Devastated wasn’t the word. I just lay there, on my back, looking up. I wasn’t hurt. I was just numb. I had lost for the first time. And I’d been knocked out. It’s hard to explain what goes through your mind at a moment like that. Not only was it my first defeat but it was my first stoppage defeat. I was so disappointed. Beyond heartbroken. There was no doubt I had thought I was going to win the fight at the start.
Floyd hit the deck and was praying. He knew he’d had a hard fight. It was a light-welterweight against a welterweight and I was soon up and talking. It wasn’t a brutal end. I was just pissed off. More damage was done to my pride than my face by the punches that ended it. There were a lot of tears at ringside; my family and Jennifer were in bits.
The crowd had been amazing and they remained that way. They were brilliant throughout my career, and not even Mayweather could shut them up as they still belted out ‘Walking in a Hatton Wonderland’.
‘Ricky Hatton is one tough fighter,’ Floyd said afterwards in the ring. ‘He’s still a champion in my eyes. He’s one of the toughest competitors I ever faced. He kept coming, took some shots and big body shots but he kept coming.’
Larry Merchant, HBO’s veteran broadcaster, then came to me. ‘What a fluke that was,’ I joked, and the fans laughed with me. Larry asked me a number of questions and I gave several sporting responses. It’s actually quite easy when they put a mike under your mouth like that. You’ve just got to go through the motions and say the right thing.
At the end of the interview I did something I had never done before. I apologized to the fans and everyone I had let down. The million-plus people back home who had paid fifteen pounds to see it live on SKY Box Office in the United Kingdom, staying up until five in the morning to watch, and the thirty-or-so thousand who had invaded Vegas.
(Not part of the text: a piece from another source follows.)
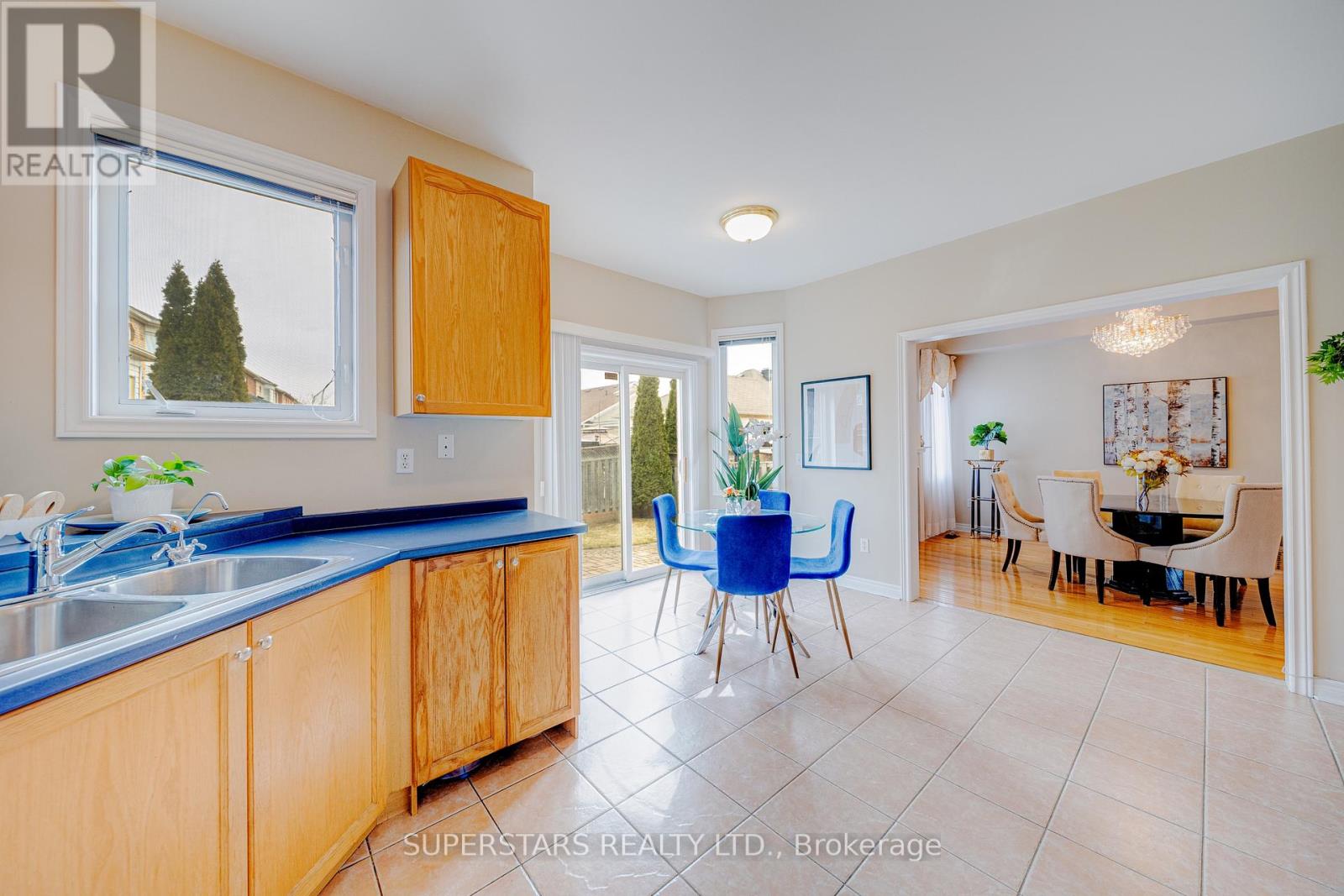 211 Stonebridge Drive, Markham, Ontario L6C 2S2 - Photo 11 - N12949330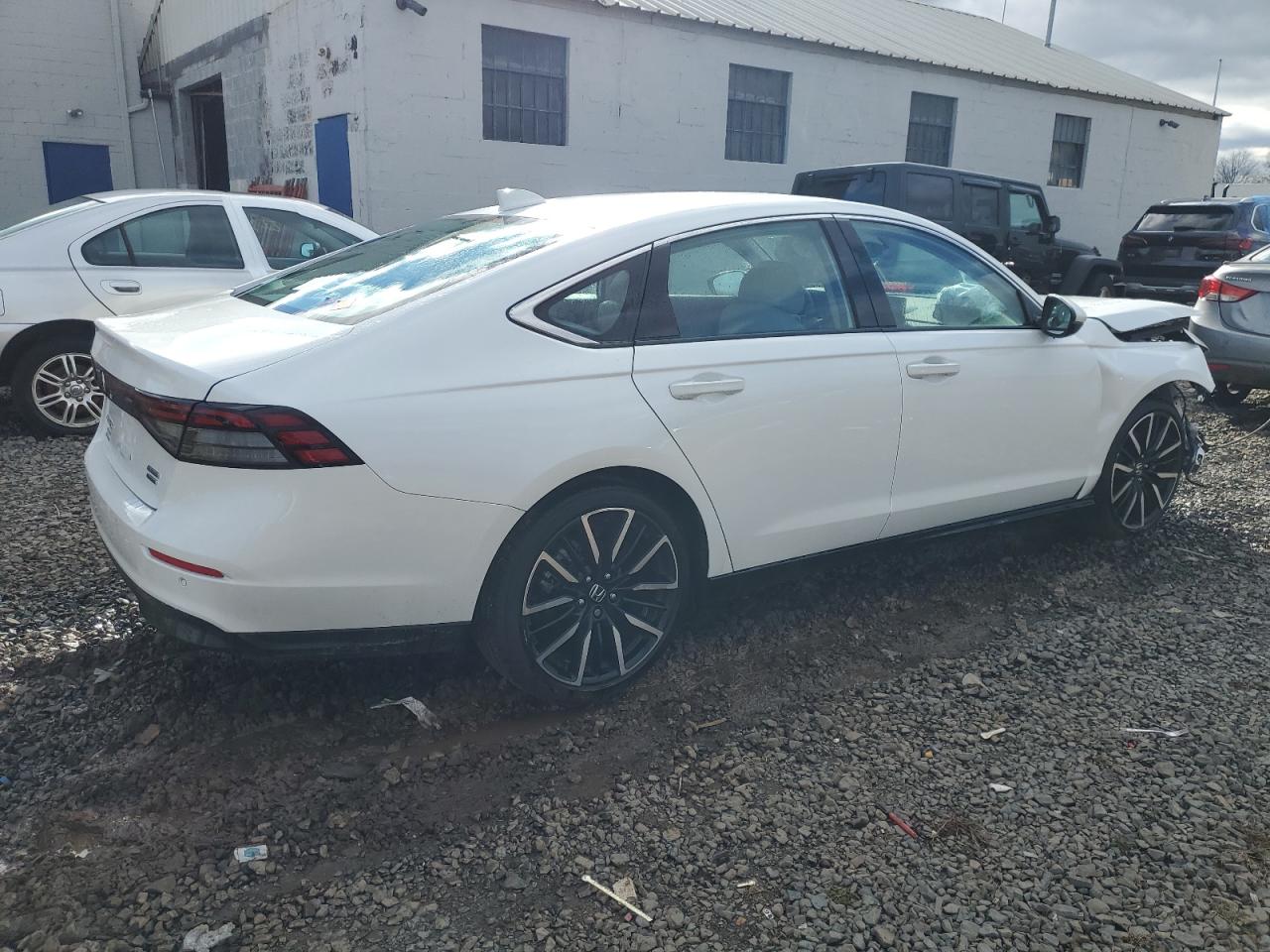 2023 HONDA ACCORD TOURING HYBRID VIN:1HGCY2F83PA015001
I apologized to those who had always been with me or recently followed my story. I apologized to everyone. ‘I’m sorry everybody. Thank you,’ I said.
I got into the changing room and cried my eyes out.
I was never the same man again.
Later that night me, my brother, Matthew – who had won on the undercard – Matthew Macklin, Jennifer and a few of my mates went out for some drinks. Jennifer went off to bed, but I wanted to stay out and drink more. I’d trained so hard and normally when you finish a fight you would sup a load of beer, go around the bars, spend time with the fans and that night they made me dead proud. ‘Oh Ricky, you did great. You didn’t let us down,’ they were all saying. I stayed out late and then went staggering through the bedroom door of the apartment the next morning.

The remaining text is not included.